* [Records for this task]
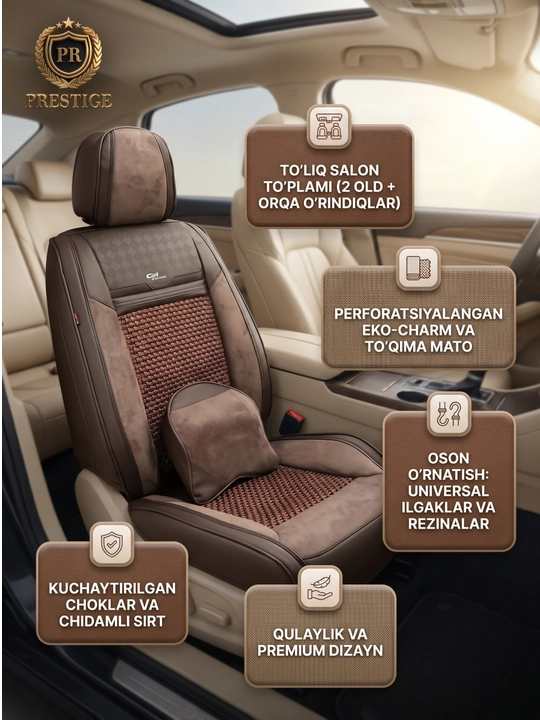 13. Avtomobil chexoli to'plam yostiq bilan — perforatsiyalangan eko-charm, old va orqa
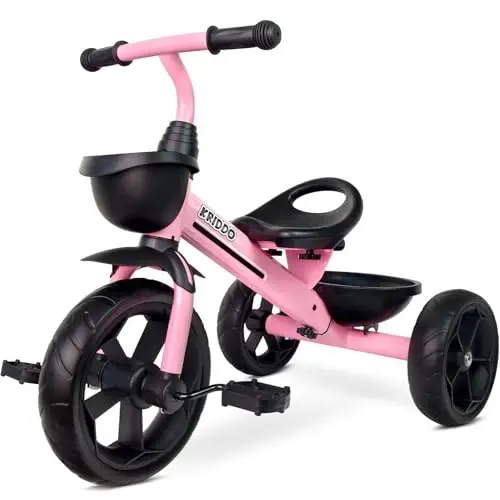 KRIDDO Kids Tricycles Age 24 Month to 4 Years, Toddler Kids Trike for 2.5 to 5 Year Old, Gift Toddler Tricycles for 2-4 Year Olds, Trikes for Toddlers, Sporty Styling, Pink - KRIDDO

---

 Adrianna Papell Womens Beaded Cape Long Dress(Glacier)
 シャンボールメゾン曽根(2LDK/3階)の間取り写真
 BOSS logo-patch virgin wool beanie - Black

* [Work request] Reproduce verbatim only the segment of the listing bounded by the line containing "Adrianna Papell Womens" and the line containing "BOSS logo-patch virgin wool beanie - Black", with both boundary lines included.

* [Written reply]
 Adrianna Papell Womens Beaded Cape Long Dress(Glacier)
 シャンボールメゾン曽根(2LDK/3階)の間取り写真
 BOSS logo-patch virgin wool beanie - Black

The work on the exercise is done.